• [Assignment] Your reply must contain the full listing below, reproduced exactly, but no pictures.

***** The data

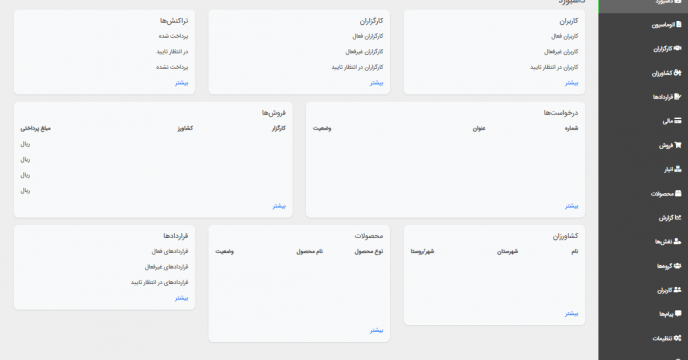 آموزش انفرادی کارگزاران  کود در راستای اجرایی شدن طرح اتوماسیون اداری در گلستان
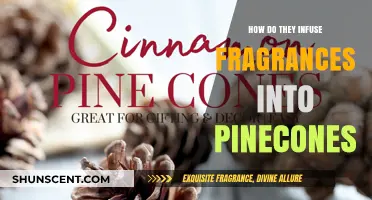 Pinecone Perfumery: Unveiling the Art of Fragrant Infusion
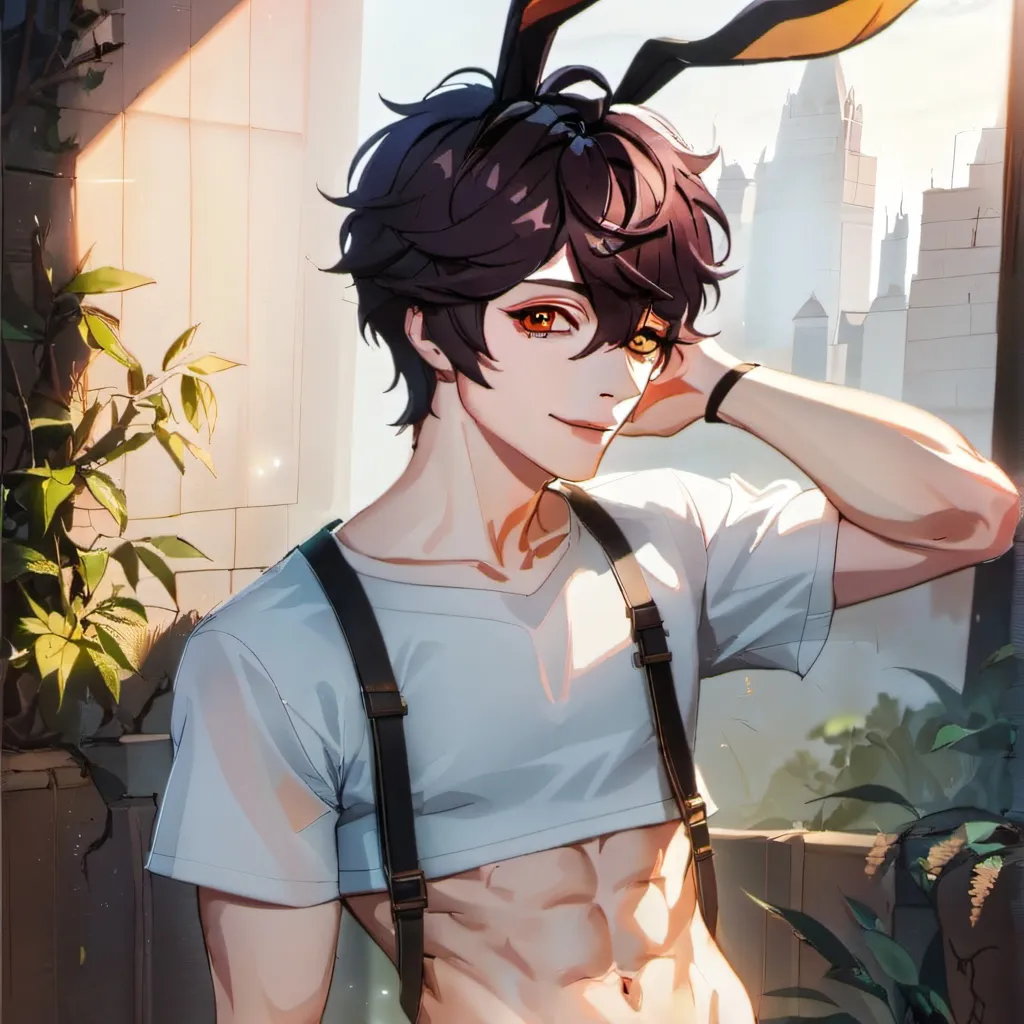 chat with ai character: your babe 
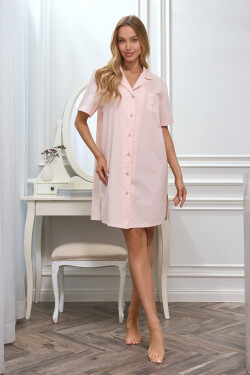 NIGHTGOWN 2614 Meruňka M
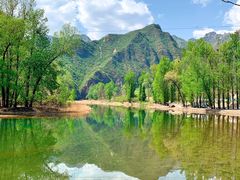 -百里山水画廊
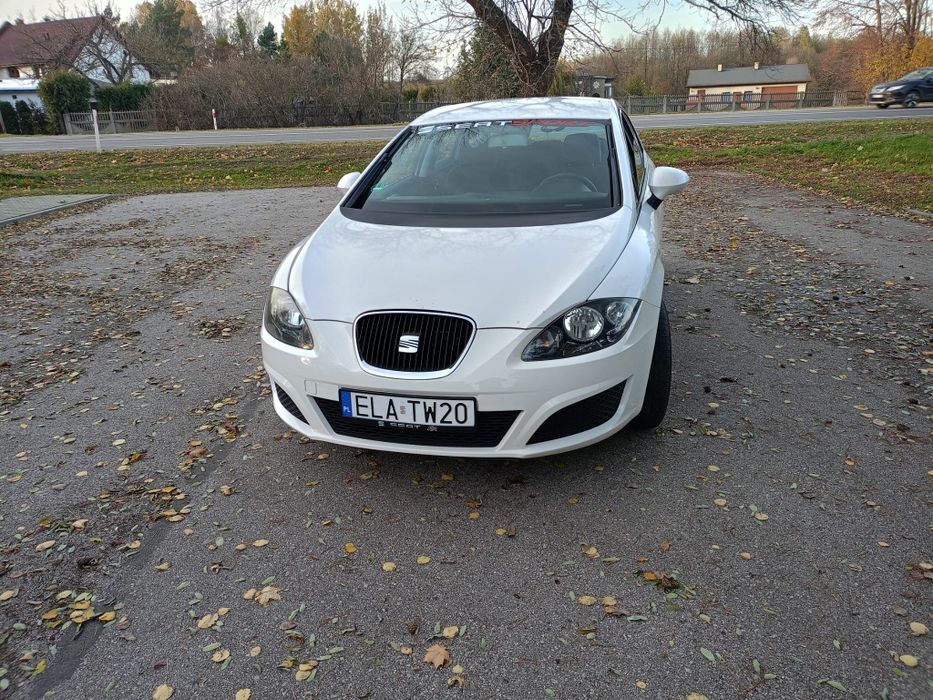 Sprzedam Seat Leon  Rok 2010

**********

• [Task answer]
 آموزش انفرادی کارگزاران  کود در راستای اجرایی شدن طرح اتوماسیون اداری در گلستان
 Pinecone Perfumery: Unveiling the Art of Fragrant Infusion
 chat with ai character: your babe 
 NIGHTGOWN 2614 Meruňka M
 -百里山水画廊
 Sprzedam Seat Leon  Rok 2010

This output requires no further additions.